To fund the Middle Income Housing Program, the City would have to forgo future property tax
revenues for up to a 30 year period, with the first year amount estimated at $370,655. Assuming a
2% increase in property values annually, the average annual property tax subsidy over a 30 year
period would be $501,225. However, of note, between Year 15 and Year 30 (the end of the life of the
bonds), the City, at its sole discretion, may force a sale of the middle-income rental housing projects
and the City would receive the sale proceeds.

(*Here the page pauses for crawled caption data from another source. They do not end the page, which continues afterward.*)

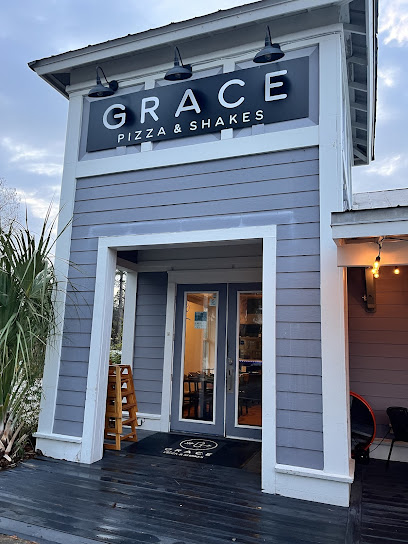 Grace Pizza and Shakes 30A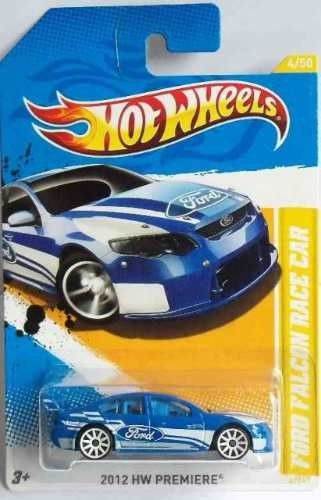 2008 Ford Falcon Race Car - 2012 New Models toy car collectible - Main Image 2
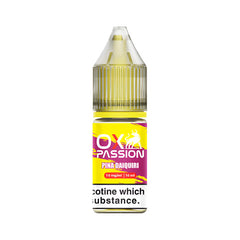 OXVA OX Passion 20mg Nic Salt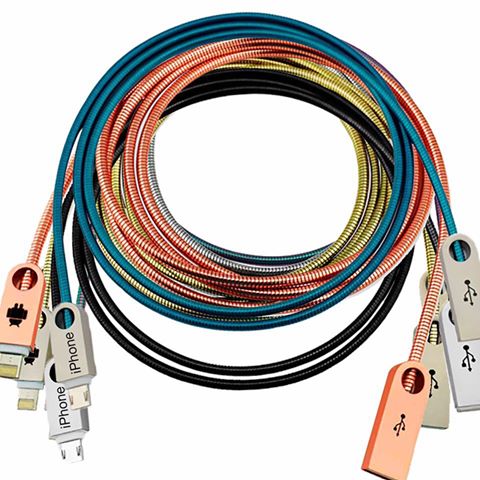 KulaBrands's tweet image. #CordsOfSteel have taken cables to the level they are durable &amp;amp; charge like a top line cord!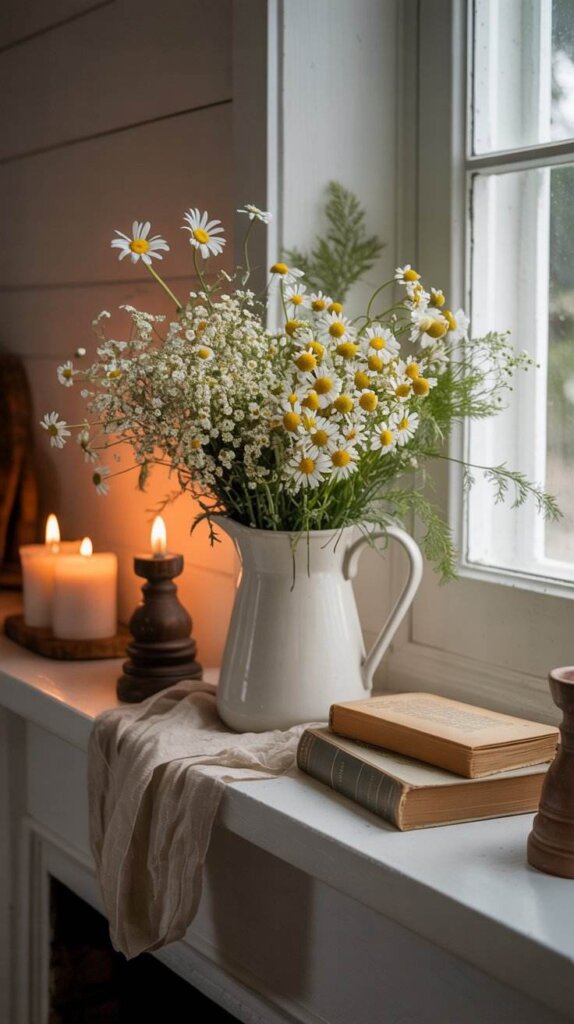 Wildflower Arrangements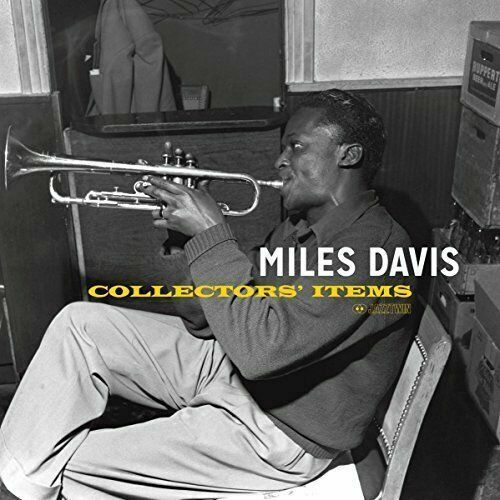 Davis, Miles	Collector's Items (180 Gram Vinyl Limited Edition) (New Vinyl)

Over a 30-year period, the City could realize
$647,620,251 in proceeds at Year 30, following payoff of debt.
Recommended Action:
A) Adopt Resolution Nos. 2021-43 and 2021-44 approving, authorizing, and directing execution of
joint exercise of powers agreements relating to the CMFA Special Finance Agency VII and VIII
(collectively the "Agency") supporting the Agency's issuance of bonds for the production,
preservation, and protection of essential middle-income rental housing ("Middle-Income Housing
Program"); and,
B) Authorize and direct the City Manager to enter into Public Benefit Agreements, substantially in the
form attached, with the Agency, which may result in the City receiving surplus revenue from the future
sale of the Projects; and,
C) Authorize and direct the City Manager to execute related documents and take any additional
actions that may be required to implement the Middle-Income Housing Program; and,
D) Determine that this action is not subject to the California Environmental Quality Act (CEQA)
pursuant to CEQA Guidelines Sections 15060(c)(2) and 15060(c)(3), because it will not result in a
direct or reasonably foreseeable indirect physical change in the environment, and it is not a "project"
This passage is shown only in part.